* _Instructions for the task_:
Take the lines below from the one with "Access Creative College" through the one with "他们所在的种族也都有仙王强者二维码生成" and print only them, exactly. Don't print the pictures.

* _Data supplied_:
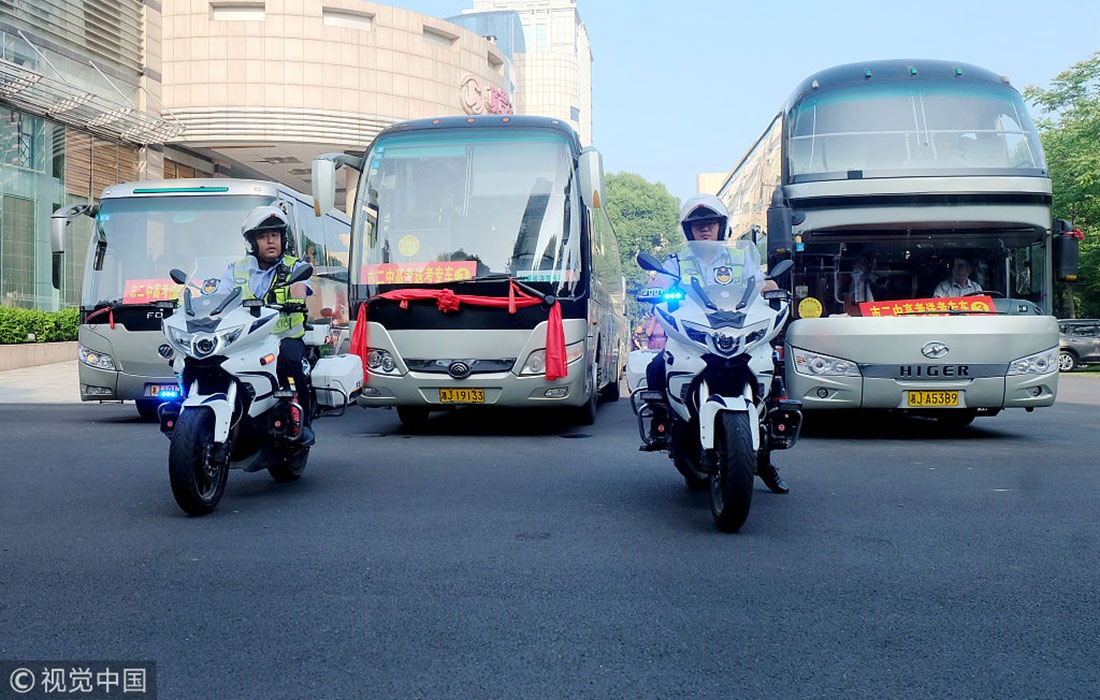 tuyen sinh dai hoc anh 13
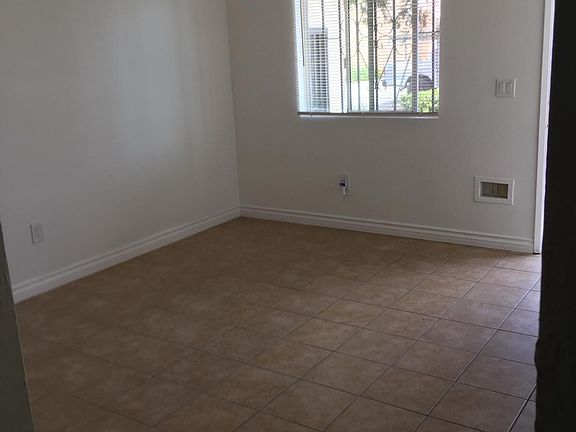 2nd image of 11425 Ramona Ave APT B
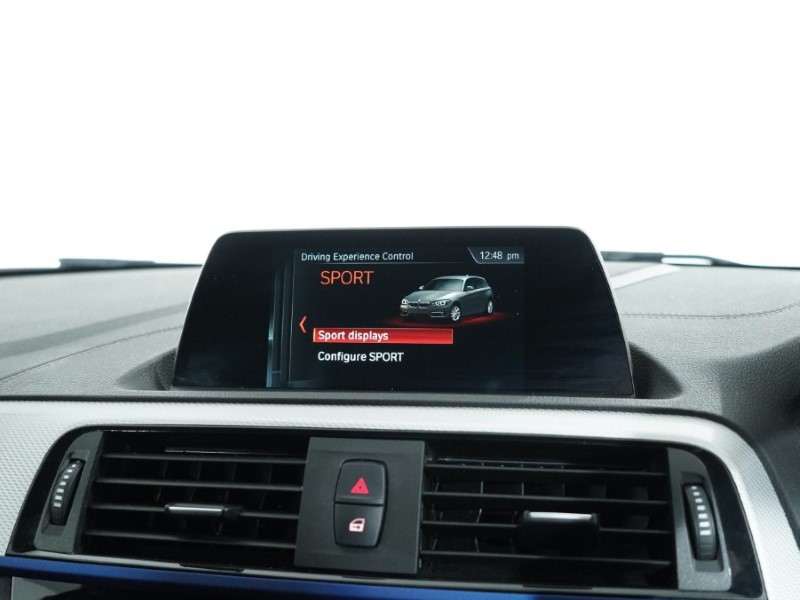 Used BMW 1 Series 2018 for sale - 78014740: Photo 48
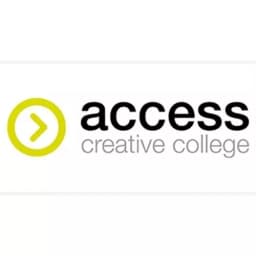 Access Creative College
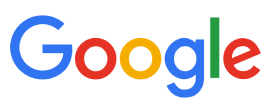 Google logo bennett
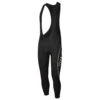 Reflex Evo Bibtight - Radhose -Trail Fit Store rh bike reflex evo bibtight radhose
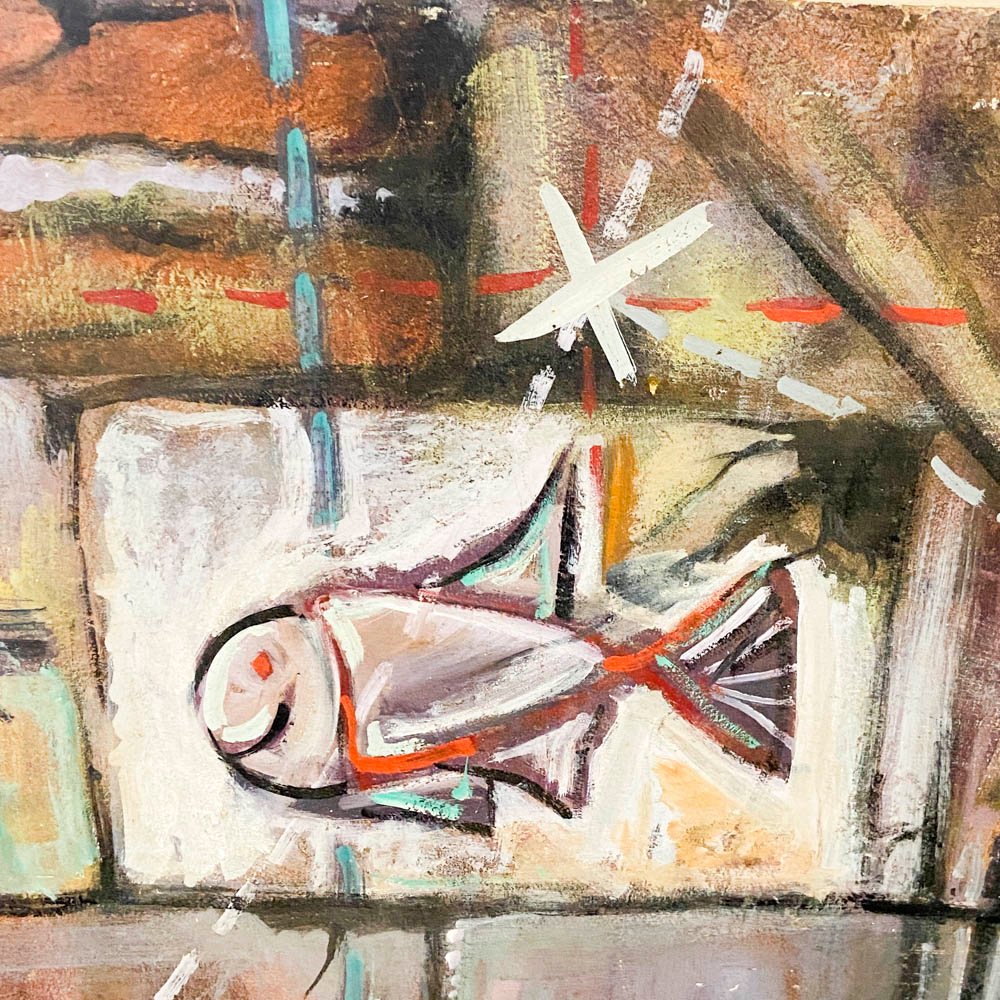 Item 504347 - Image 1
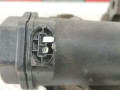 суппорт задний правый Audi A4 B8/8K [рестайлинг] 2011, 2.0 л., МКПП, универсал, 8K0615404B - фото №6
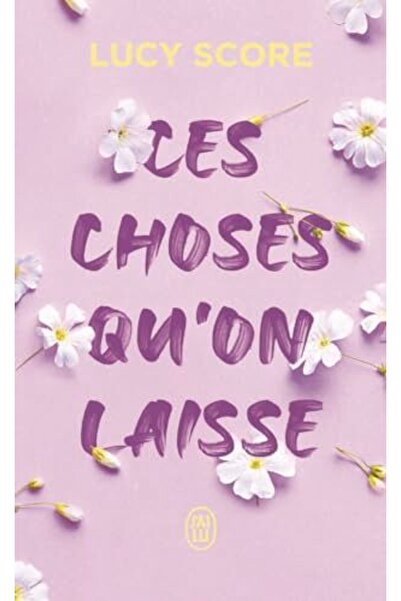 UD Union Distribution سيس تشوسيز كوون لايسي تي 3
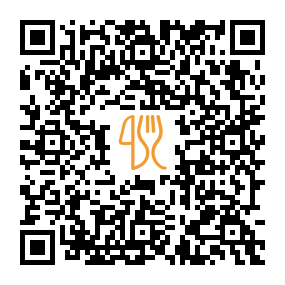Carte QR de Pasticceria Siro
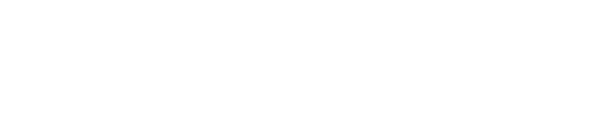 Mercury Philosophique 9 - 100 bpm Ambient loop by n0mad23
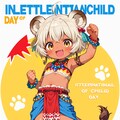 １０月１１日は国際ガールズ・デー 3枚目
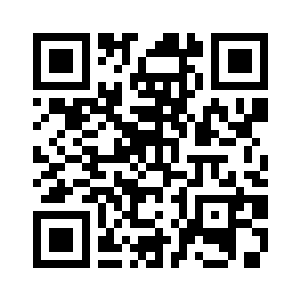 他们所在的种族也都有仙王强者二维码生成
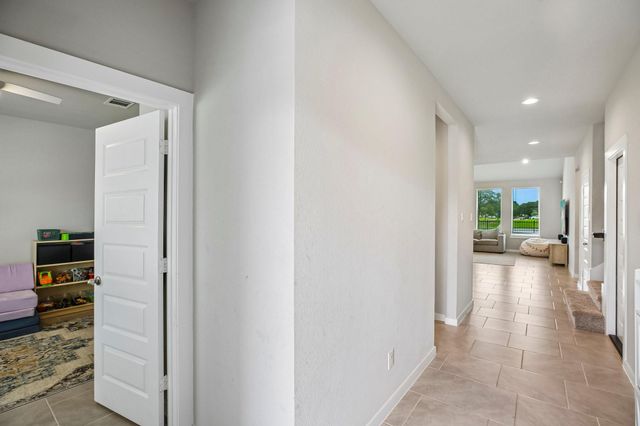 1507 Harvest Vine Court, Friendswood, TX 77546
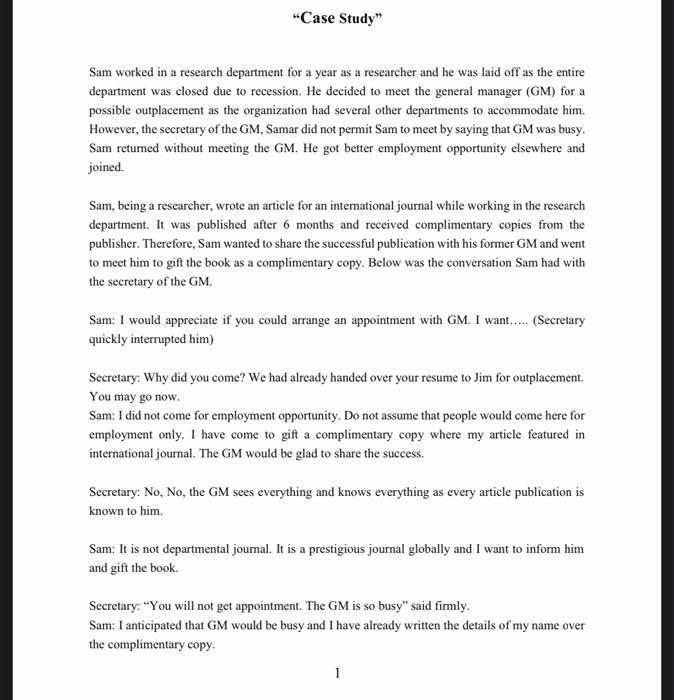 Please I need accurate answers...please help me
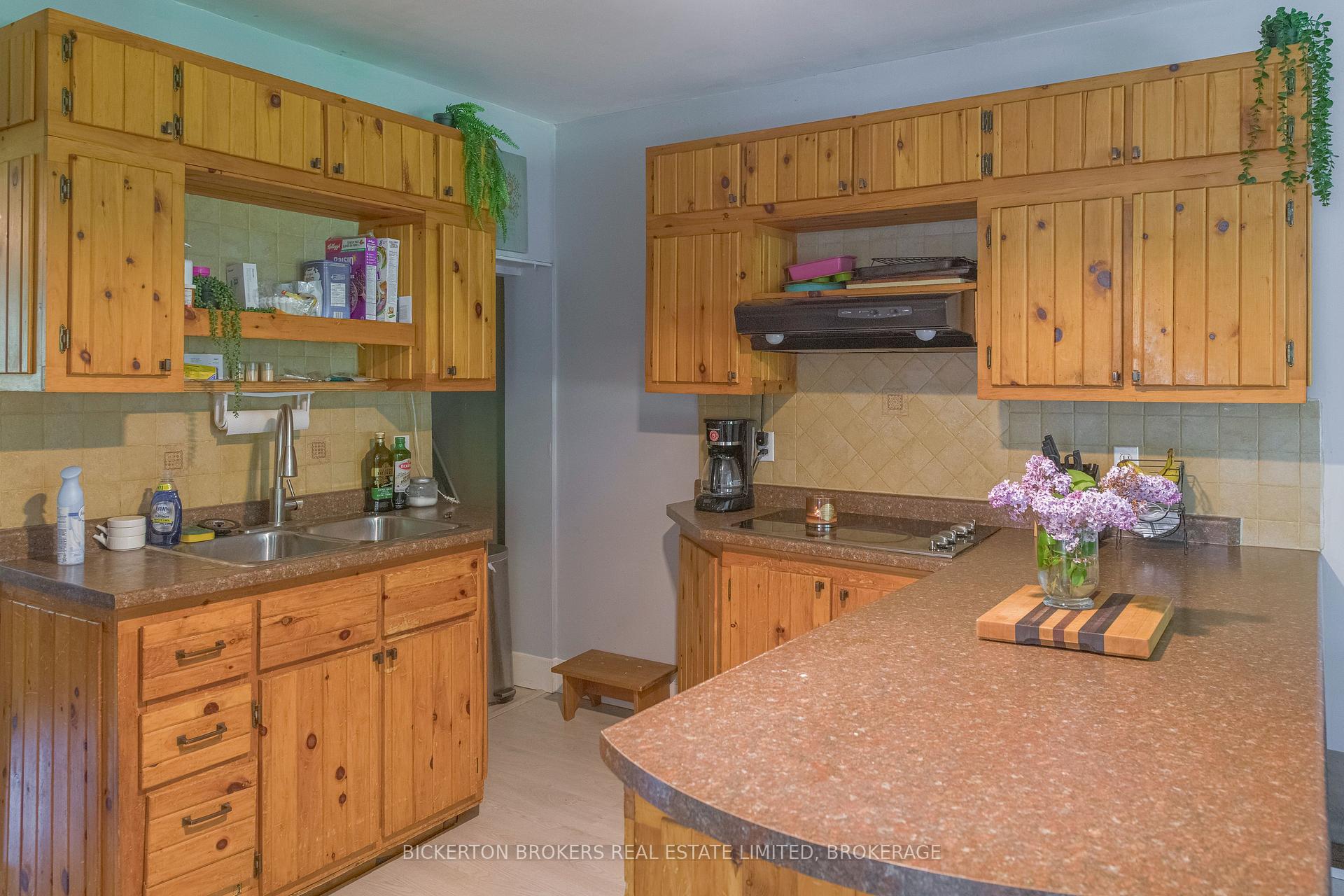 Photo 22 of 982 Burnt Hills Road, Frontenac, Frontenac South — HOMEH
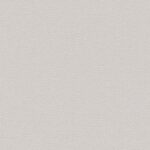 обои Andrea Rossi Spectrum Just 54475-6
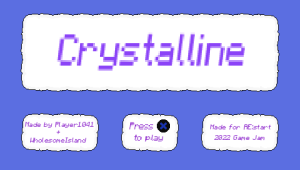 Crystallinepsp2.png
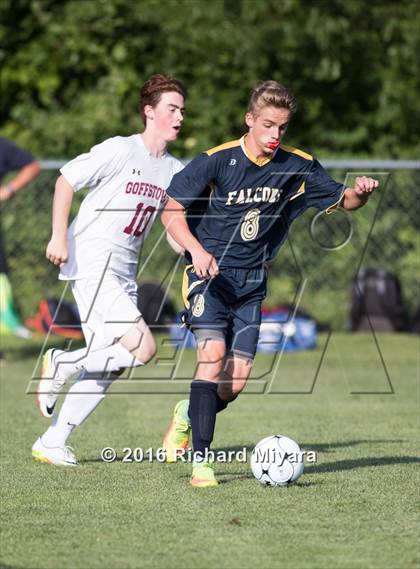 Thumbnail 3 in Bow @ Goffstown photogallery.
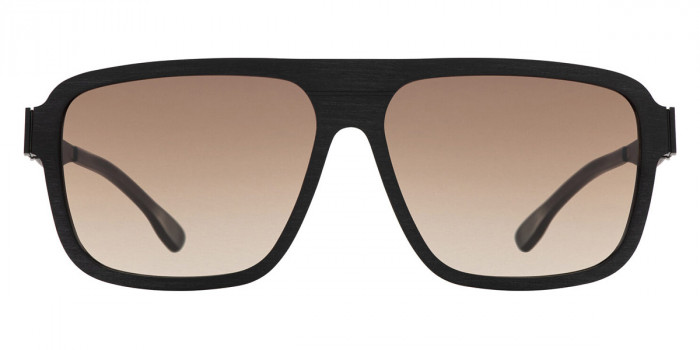 Ic! Berlin Egon Sunglasses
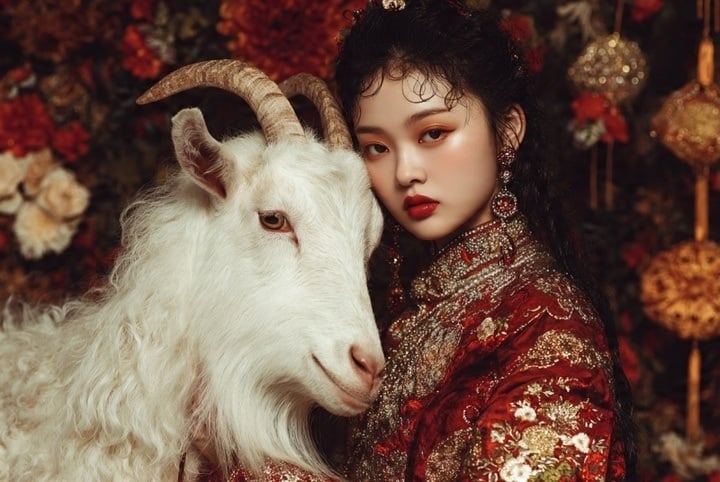 Người tuổi Mùi thường sống tình cảm, hiền lành và không thích bon chen quá nhiều. Thời trẻ, họ dễ chịu thiệt vì cả tin hoặc quá mềm lòng. Có giai đoạn tuổi Mùi làm nhiều nhưng thành quả chưa tương xứng, tiền kiếm được lại hay phải lo cho Shbet111 slot, casino, thể thao, xổ số hoặc người thân.    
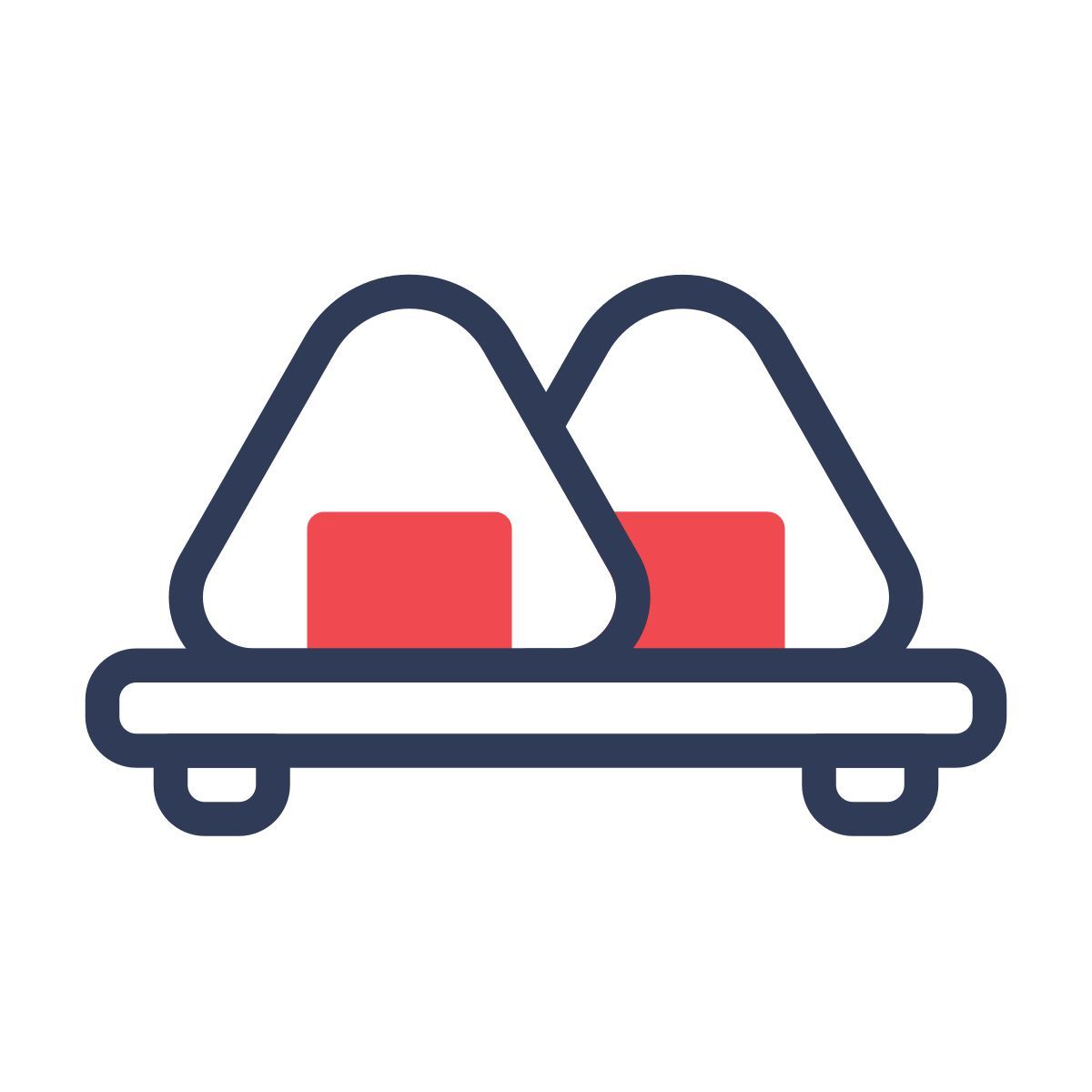 comida icon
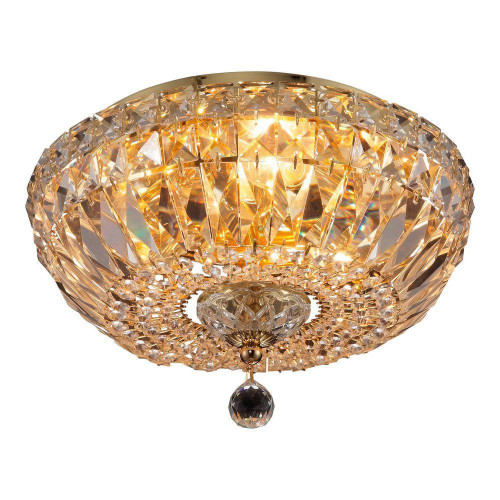 потолочный светильник toplight loraine tl1164-3d1 в Сургуте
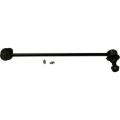 Picture of Moog MOH Sway Bar End Links - K750436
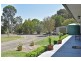 11 Hakea Road, Huntly VIC 3551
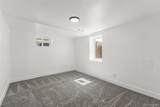 2731 Roosevelt Avenue - Photo 23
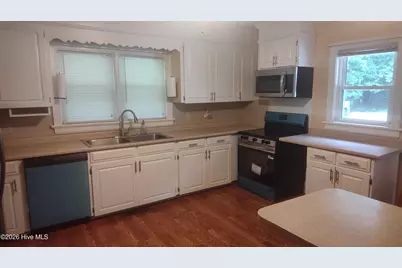 1050 Springfield Road, Rocky Mount, NC 27801 - Photo 16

* _Answer box_:
 Access Creative College
 Google logo bennett
 Reflex Evo Bibtight - Radhose -Trail Fit Store rh bike reflex evo bibtight radhose
 Item 504347 - Image 1
 суппорт задний правый Audi A4 B8/8K [рестайлинг] 2011, 2.0 л., МКПП, универсал, 8K0615404B - фото №6
 UD Union Distribution سيس تشوسيز كوون لايسي تي 3
Carte QR de Pasticceria Siro
 Mercury Philosophique 9 - 100 bpm Ambient loop by n0mad23
 １０月１１日は国際ガールズ・デー 3枚目
 他们所在的种族也都有仙王强者二维码生成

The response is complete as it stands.